According to new legislation passed by the Australian government, people can now refuse to monitor, read, or respond to their employers' attempts to contact them outside of work hours—unless that refusal is deemed "unreasonable."
This initiative aims to safeguard personal time and promote a more balanced work-life harmony and will come into effect starting Monday.
Hailing the reform, Australian Prime Minister Anthony Albanese, while speaking to the national broadcaster ABC, said, "We want to make sure that just as people don't get paid 24 hours a day, they don't have to work for 24 hours a day." He further added, "It's a mental health issue, frankly, as well, for people to be able to disconnect from their work and connect with their family and their life."

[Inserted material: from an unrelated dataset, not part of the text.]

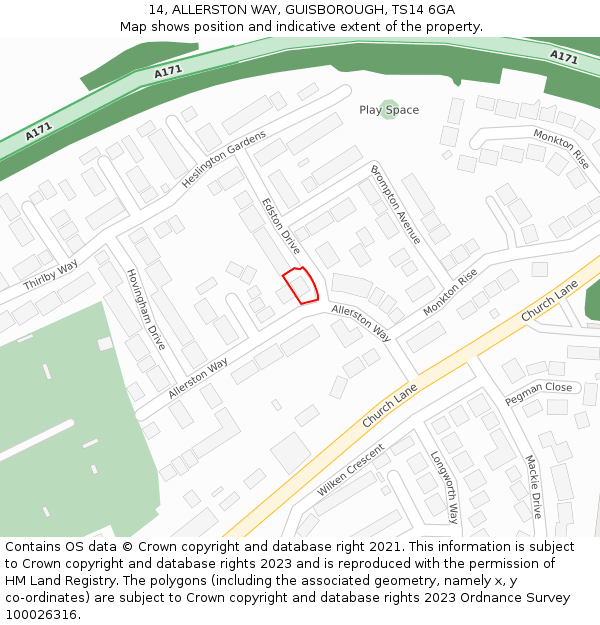 14, ALLERSTON WAY, GUISBOROUGH, TS14 6GA: Location map and indicative extent of plot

While trade unions have welcomed the new regulation, it has received a lukewarm reception from Australia's top industry body.
"The 'right to disconnect' laws are rushed, poorly thought out, and deeply confusing," the Australian Industry Group said in a statement.
"At the very least, employers and employees will now be uncertain about whether they can take or make a call out of hours to offer an extra shift," it said.
The law is similar to those in some European and Latin American countries.
Research indicates that the right to disconnect benefits employees, said University of Sydney Associate Professor Chris Wright.
More than 70 percent of workers in European Union companies with a right to disconnect policy considered its impact to be positive, according to a November 2023 study by the EU work-related agency Eurofound.
Employees are experiencing "availability creep" as smartphones and other digital devices put them in reach of their employers, Wright told AFP.
"Having a measure that restores to some extent the boundary between people's work and non-work lives is a positive thing, certainly for employees but also for employers," he said, particularly in industries trying to lure new workers.
The Australian law, enacted in February, came into force for medium-sized and large companies as of Monday. Smaller firms with fewer than 15 employees will be covered from August 26, 2025.